Tuesday 30 November 2010

Chess Men

The chessmen are carved from soapstone and are from Africa. They were a present to John from his ex- flatmate Paul Farrelli, the Italian stallion. Paul is not Italian. His dad, Percy, was Australian and his mum, Ursula German. They lived in Neath and all seemed very Welsh and very close. When John and Paul shared a flat in north London Paul's parents would visit, sleeping in their caravan parked on the street outside. Ursula would arrive laden with Welsh cakes and proceed to clean the flat, scrubbing the teapot so thoroughly it hardly had chance to recover between sporadic visits.
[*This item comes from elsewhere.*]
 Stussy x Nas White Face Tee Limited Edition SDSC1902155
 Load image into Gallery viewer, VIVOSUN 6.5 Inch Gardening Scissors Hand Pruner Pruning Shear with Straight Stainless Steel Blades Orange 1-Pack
John and I stayed with them in Neath and were always made to feel at home. Ursula fussed long and eloquently over trivia, such as a sour cream cake, but calmly got on with life's high dramas. It was a privilege to know her and I wish my girls could have done so.

Monday 20 September 2010

Pot

I love this pot. We bought it from John Kershaw's studio based shop in Windermere over ten years ago. He introduced us to Potfest and we have made annual pilgrimages ever since. He encouraged the girls by selling them the small pieces they admired at pocket money prices. This year John is retiring. There is a sale on at the shop, but it is hard to buy stuff as the opening times have already embraced retirement mode. He will continue to sell work through galleries, but his own small, white, elegant space attached to the dusty studio will close and he will no longer emerge from said studio to wrap his work in tissue and impart quiet nuggets of information. Good luck to him. We will miss him.

Wednesday 15 September 2010

Sunflowers

We grew giant sunflowers in a clutch against the wall. Their size and armored structure fascinated me. it seemed unreal that such a thing could form in a season. The birds sowed a few of their own, smaller and more delicate, but with the same interlocking sepals, which in the sketches become indecipherable from the yellow petals. Here is a composite of some of the sketches.

Monday 12 July 2010

The Caravette - A Poem by Henry Gibson


Dad bought an aged VW caravette from a bloke at work. It was painted two tone green and looked dull and van like. It was the best car we ever had. Freedom from travel sickness and the ability to see over walls. Cups of tea made fresh wherever we pulled up in it. The world was our lobster!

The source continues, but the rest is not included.